§ Try it: Go to the line with "Taie d'oreiller 65x65" in the records below, then output it and each following line exactly, up to and including the line with "Zaļā tēja BASILUR MAGIC FRUITS Soursop". Skip pictures and add nothing.

§ Supplied records:
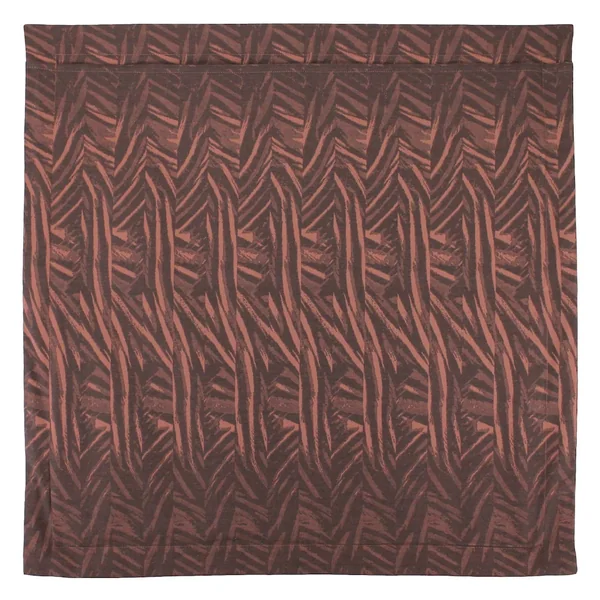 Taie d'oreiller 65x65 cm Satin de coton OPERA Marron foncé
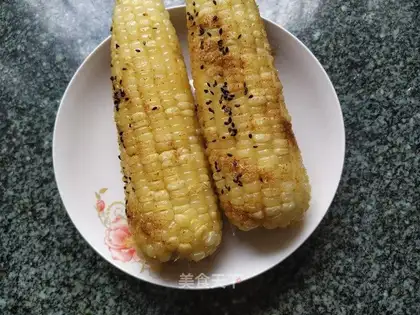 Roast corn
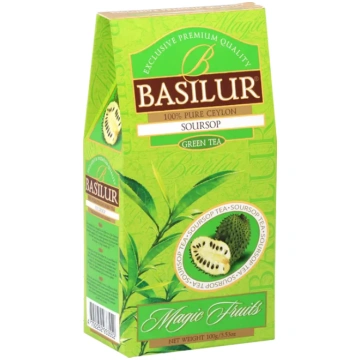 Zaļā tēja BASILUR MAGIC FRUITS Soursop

---

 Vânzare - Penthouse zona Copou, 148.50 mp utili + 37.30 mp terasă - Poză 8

§ Output of the task:
 Taie d'oreiller 65x65 cm Satin de coton OPERA Marron foncé
 Roast corn
 Zaļā tēja BASILUR MAGIC FRUITS Soursop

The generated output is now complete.